She next taught in the Department of Indian Theatre, Panjab University, Chandigarh, where she served as its head, 1977–8. During this period, she directed important productions of Brecht's The Exception and the Rule in which Punjabi poet Manjit Tiwana, acted along with Anupam Kher and Anita Kanwar, as well as Three Penny Opera.

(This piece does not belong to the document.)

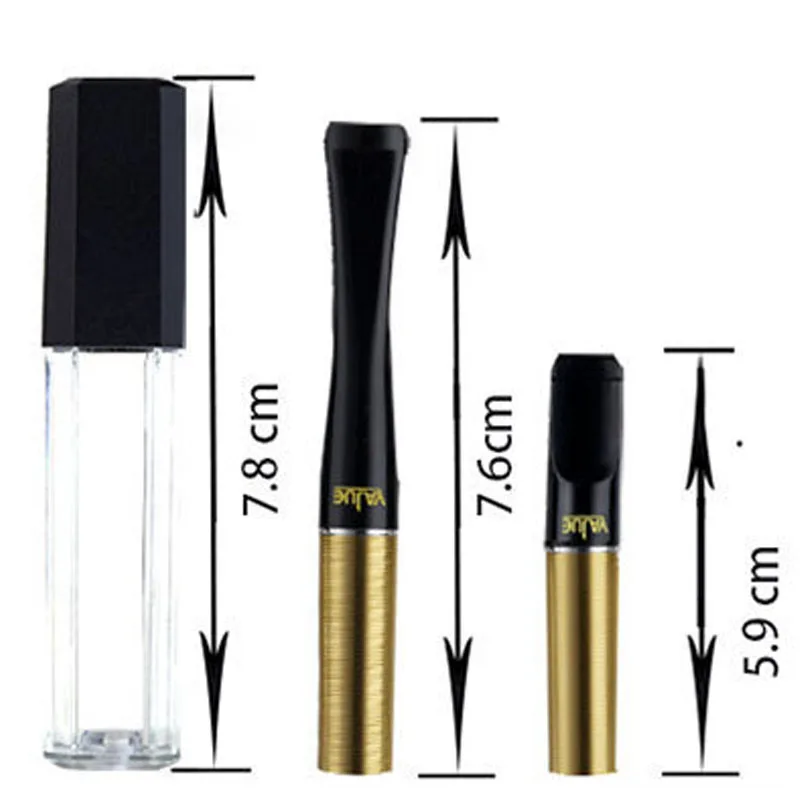 Microfilter For 6mm 8mm Cigarette Holder Tar Filtration Cleanable Tobacco Filter Recirculating Classic Smoke Mouthpiece Men Gift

Her first major production came in 1976, when she did Mohan Rakesh's Adhe Adhure, with NSD Repertory and three actors trained by her father, Surekha Sikri, Uttara Baokar and Manohar Singh, which whom she went to work in several other plays of acclaim, including Himmat Mai (1993) based on Brecht's Mother Courage and her Children, Girish Karnad's Nagamandal, and in Satish Alekar's Begum Barve. Her other plays include, Birjis Qadar Ka Kunba (1980), based on Federico García Lorca's The House of Bernarda Alba Asadh Ka Ek Din (1981) (Mohan Rakesh), Mannu Bhandari's Mahabhoj (1982), Aurat bhali Ramkali (1984), based on Brecht's The Good Person of Szechwan, Rajajaswant Singh (1989), based on Shakespeare's King Lear, Prashant Dalvi's Char Chowgi, Mahesh Elkunchwar's Sonata and Innocent Erendira And Her Heartless Grandmother, based on a story by Gabriel García Márquez, transposed to Rajasthan. She has also directed television drama, notably Mohan Rakesh's Adhe-adhure, Begum Barve, Manjula Padmanabhan's Lights Out, Char Chaughi, Teen takke ka swang. Though her most talked about production has been Nati Binodini (2006), which she directed after discovering the autobiography of early 20th century, courtesan turned Bengali stage actress, Binodini Dasi, after two years of research, the result was a play which according to theatre critic, Romesh Chander was "her best production till date". In 1990 She also directed Mulla Nasiruddin based on life of Nasreddin Hodja.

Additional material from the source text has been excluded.